*** Data records

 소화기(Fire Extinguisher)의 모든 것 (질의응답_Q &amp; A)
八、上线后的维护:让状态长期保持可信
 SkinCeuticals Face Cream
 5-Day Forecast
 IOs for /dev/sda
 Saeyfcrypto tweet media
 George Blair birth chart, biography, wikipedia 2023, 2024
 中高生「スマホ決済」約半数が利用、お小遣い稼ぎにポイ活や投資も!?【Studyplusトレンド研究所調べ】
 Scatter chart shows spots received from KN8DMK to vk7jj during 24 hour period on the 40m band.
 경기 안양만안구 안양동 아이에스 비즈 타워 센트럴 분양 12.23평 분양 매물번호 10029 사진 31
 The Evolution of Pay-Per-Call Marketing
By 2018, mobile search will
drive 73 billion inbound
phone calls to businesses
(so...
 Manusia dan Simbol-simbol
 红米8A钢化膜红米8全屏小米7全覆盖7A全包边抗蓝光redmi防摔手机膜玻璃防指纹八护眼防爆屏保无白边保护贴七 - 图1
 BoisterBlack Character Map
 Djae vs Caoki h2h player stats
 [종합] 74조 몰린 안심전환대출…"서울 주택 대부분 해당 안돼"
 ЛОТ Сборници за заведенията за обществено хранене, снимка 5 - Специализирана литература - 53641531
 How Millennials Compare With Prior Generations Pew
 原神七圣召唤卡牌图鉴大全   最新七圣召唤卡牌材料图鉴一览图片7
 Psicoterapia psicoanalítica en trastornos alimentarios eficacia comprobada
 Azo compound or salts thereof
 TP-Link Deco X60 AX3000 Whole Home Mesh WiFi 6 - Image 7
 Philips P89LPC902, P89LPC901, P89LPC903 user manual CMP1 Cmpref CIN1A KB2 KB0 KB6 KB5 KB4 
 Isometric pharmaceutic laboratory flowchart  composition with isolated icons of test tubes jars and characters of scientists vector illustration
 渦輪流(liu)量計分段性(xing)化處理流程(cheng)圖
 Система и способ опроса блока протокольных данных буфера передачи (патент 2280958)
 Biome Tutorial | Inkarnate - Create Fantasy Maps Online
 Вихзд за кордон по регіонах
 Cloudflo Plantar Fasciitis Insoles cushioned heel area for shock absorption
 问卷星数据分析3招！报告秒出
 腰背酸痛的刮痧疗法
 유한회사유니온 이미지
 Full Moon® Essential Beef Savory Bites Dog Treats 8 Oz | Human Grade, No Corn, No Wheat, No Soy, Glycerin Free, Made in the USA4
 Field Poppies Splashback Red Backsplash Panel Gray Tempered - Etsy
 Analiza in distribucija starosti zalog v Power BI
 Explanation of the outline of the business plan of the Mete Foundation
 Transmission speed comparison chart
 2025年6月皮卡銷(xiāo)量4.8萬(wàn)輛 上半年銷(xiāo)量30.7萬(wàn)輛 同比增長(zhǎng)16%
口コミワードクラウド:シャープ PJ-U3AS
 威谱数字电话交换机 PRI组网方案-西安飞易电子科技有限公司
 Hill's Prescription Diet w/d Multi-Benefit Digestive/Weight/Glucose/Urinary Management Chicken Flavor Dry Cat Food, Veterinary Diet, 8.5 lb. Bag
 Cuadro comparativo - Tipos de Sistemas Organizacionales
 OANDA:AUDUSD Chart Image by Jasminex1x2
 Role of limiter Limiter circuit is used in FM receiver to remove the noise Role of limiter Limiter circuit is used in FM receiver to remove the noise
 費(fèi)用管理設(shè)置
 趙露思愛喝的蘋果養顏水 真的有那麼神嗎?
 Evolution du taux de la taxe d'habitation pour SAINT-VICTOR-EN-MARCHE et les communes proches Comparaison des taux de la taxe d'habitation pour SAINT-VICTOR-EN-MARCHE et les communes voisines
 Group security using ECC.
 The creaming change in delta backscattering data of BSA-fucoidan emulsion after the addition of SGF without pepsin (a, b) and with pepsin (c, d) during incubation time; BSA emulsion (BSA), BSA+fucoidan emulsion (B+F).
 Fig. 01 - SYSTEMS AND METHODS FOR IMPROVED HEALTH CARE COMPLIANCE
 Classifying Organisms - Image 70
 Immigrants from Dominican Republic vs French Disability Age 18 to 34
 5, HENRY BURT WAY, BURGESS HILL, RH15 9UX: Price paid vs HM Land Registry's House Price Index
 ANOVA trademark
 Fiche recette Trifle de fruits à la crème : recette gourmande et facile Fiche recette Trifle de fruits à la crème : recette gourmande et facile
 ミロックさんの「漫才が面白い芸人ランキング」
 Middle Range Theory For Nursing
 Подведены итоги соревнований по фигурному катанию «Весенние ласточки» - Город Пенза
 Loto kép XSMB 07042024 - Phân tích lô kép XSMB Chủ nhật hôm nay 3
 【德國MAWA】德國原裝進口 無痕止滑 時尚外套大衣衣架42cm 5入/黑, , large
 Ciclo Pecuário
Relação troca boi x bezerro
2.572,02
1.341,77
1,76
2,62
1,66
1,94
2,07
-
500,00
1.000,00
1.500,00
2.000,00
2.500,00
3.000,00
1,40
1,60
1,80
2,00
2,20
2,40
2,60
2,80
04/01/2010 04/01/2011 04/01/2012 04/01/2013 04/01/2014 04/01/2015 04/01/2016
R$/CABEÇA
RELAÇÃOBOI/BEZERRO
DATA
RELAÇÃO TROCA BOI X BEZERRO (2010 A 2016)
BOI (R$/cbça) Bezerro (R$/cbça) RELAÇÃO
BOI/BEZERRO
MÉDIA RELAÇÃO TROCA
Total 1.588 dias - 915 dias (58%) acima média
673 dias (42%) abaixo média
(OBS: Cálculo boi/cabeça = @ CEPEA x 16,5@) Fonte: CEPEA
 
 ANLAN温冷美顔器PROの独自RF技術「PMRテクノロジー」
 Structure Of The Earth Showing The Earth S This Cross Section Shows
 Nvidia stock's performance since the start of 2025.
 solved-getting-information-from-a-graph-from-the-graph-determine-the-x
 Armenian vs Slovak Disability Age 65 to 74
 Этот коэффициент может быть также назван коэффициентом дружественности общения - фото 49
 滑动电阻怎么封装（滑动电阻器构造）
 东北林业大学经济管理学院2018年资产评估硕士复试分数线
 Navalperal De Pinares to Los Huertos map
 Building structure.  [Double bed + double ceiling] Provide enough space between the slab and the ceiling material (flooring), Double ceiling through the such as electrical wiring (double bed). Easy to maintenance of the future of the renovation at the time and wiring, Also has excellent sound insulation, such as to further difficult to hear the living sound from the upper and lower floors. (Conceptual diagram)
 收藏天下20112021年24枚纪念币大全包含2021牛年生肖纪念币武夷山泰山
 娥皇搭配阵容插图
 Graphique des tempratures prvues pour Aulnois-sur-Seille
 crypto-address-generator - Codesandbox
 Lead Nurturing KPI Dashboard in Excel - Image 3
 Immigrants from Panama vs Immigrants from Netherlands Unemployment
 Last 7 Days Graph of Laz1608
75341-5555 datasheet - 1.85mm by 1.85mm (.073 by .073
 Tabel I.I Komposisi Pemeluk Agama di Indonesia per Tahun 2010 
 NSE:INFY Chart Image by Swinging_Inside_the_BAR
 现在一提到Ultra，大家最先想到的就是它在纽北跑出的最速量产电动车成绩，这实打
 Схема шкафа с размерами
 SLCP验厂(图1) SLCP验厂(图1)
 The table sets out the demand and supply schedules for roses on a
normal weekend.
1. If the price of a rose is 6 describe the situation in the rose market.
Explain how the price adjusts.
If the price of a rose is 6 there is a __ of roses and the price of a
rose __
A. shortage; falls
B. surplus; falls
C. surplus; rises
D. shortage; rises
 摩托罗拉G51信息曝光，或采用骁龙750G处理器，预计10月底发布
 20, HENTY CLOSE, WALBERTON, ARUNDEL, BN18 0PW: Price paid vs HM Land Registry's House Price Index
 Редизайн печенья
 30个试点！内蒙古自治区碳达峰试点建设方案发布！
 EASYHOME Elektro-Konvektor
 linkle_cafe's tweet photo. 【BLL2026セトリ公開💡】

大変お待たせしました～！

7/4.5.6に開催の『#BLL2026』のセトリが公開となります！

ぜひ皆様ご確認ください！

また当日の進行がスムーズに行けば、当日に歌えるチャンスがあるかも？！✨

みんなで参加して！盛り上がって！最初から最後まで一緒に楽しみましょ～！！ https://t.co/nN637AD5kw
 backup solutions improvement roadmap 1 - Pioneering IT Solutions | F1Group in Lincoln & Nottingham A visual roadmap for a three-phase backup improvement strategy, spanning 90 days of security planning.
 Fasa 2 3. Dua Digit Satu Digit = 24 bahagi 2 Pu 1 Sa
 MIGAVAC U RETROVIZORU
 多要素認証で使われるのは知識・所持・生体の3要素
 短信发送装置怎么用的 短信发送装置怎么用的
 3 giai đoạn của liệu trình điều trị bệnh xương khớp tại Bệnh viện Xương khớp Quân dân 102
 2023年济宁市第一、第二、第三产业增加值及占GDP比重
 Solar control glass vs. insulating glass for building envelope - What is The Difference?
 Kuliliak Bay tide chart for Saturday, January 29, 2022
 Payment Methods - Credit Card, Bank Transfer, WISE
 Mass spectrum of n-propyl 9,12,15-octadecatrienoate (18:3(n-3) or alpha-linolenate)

******

▶ Activity
Only one stretch of the records above is wanted: the lines between the one holding "the noise Role" and the one holding "趙露思愛喝的蘋果養顏水 真的有那麼神嗎?", inclusive, reproduced exactly.

▶ Task answer
 Role of limiter Limiter circuit is used in FM receiver to remove the noise Role of limiter Limiter circuit is used in FM receiver to remove the noise
 費(fèi)用管理設(shè)置
 趙露思愛喝的蘋果養顏水 真的有那麼神嗎?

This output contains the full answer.